When two people meet and magic happens, when the world will never be the same because two souls have come into contact with one another, when you see two people together and just know that they will be forever entwined in life, that is a Great Romance.
And sometimes it’s a Great Bromance.
Bertie Wooster and his valet Jeeves are such a Bromance. You can’t imagine one without the other. Actually, I’m not sure that Bertie would survive without Jeeves. Jeeves keeps him out of trouble. … Okay, well, Jeeves doesn’t exactly keep Bertie entirely out of trouble, but he sure does know how to limit the damage. And Bertie … well, Bertie gives Jeeves something to keep busy with.
For those of you who have no idea who I’m talking about, you’re missing out! Bertie Wooster and his indomitable manservant Jeeves are the creation of 20th century writer P.G. Wodehouse. If you’ve never read any Wodehouse, stop what you’re doing and fix that problem! Wodehouse is one of the most talented humor writers ever. He creates ridiculous worlds of British refinement and fills them with a variety of hilarious characters, high and low. His prose is so light and easy to digest that you might forget you’re reading a master at his finest.
And boy is he funny!
Bertie Wooster is a harebrained, clueless aristocrat who spends the majority of his time coming up with ideas that land him in all sorts of outlandish scrapes. He doesn’t have much of a profession besides dodging in and out of the whims of his aunts and either trying to win or escape from a variety of young women. He’s more or less everything the British aristocracy of the early 20th century didn’t want to admit that they were. Think Downton Abbey on laughing gas.
Jeeves is Bertie’s much cleverer valet. Along with having the most magnificent cure for a hangover known to man, he is handy with a good idea and rescues Bertie just about every time he turns around. And yet he does it in such a delightfully long-suffering way.
I don’t even want to think about what Bertie’s life would be like without Jeeves. He’d probably end up getting his head stuck up a chimney somewhere while trying to hide a family heirloom or something like that. That much is obvious.

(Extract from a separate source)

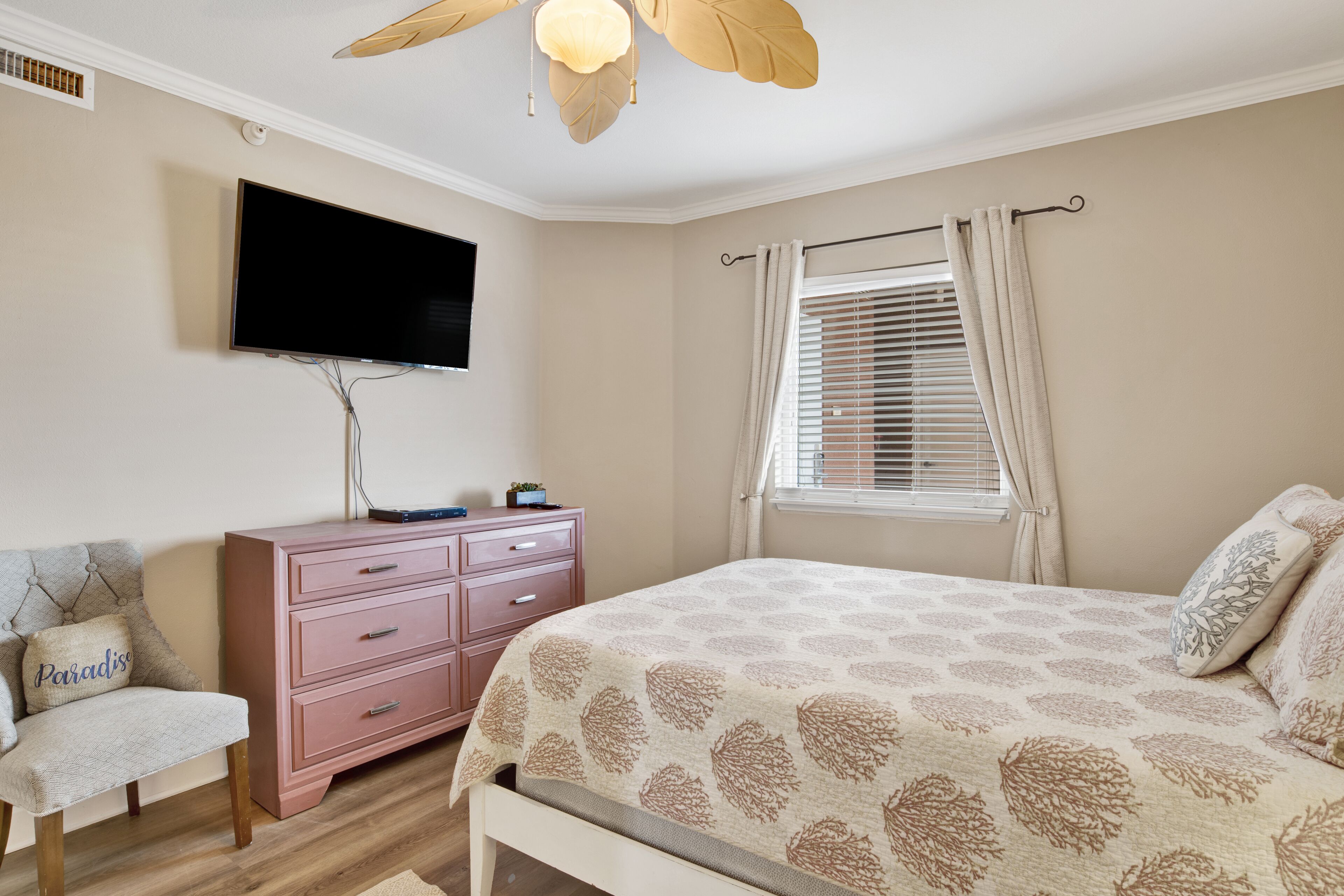 Un dormitorio con cama, cómoda, silla, televisor y ventana con cortinas.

But I personally think that Jeeves wouldn’t know what to do with himself if not for Bertie’s antics. In spite of his stoic demeanor, I’m pretty sure that Jeeves needs a lot more adventure in his life than your average stuffy aristocrat could provide. He’s got to be amused by Bertie on some level. And in spite of an occasional threat to leave Bertie’s service in the numerous books and short stories written about the pair, he never does.
And that’s what makes the perfect couple. The symbiosis between these two is the stuff of legend. You just can’t imagine one without the other.

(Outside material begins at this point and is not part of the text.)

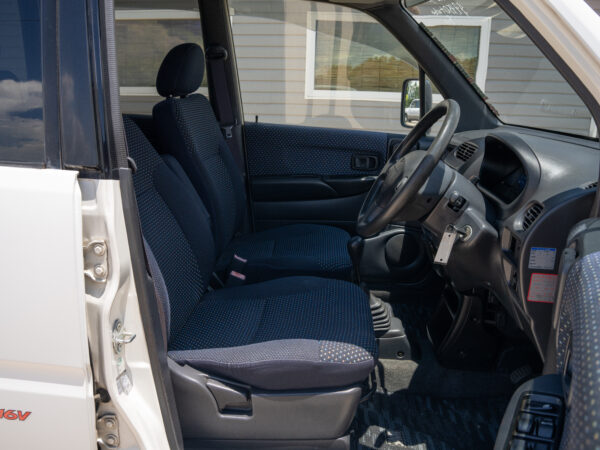 White van interior with patterned seats.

For those who are fans of the TV show House, you’ve got to go out and watch some of the episodes of Jeeves and Wooster, the serialized TV version of some of Wodehouse’s stories that was produced in the 1990s. The series stars none other than Hugh Laurie in a superbly comic turn, and another favorite actor of mine, Stephen Fry. Hugh Laurie and Stephen Fry have been friends since King Kong was a monkey and that chemistry definitely translates to the small screen. The characters as Wodehouse wrote them are hysterical. The performances of Laurie and Fry absolutely do those characters justice.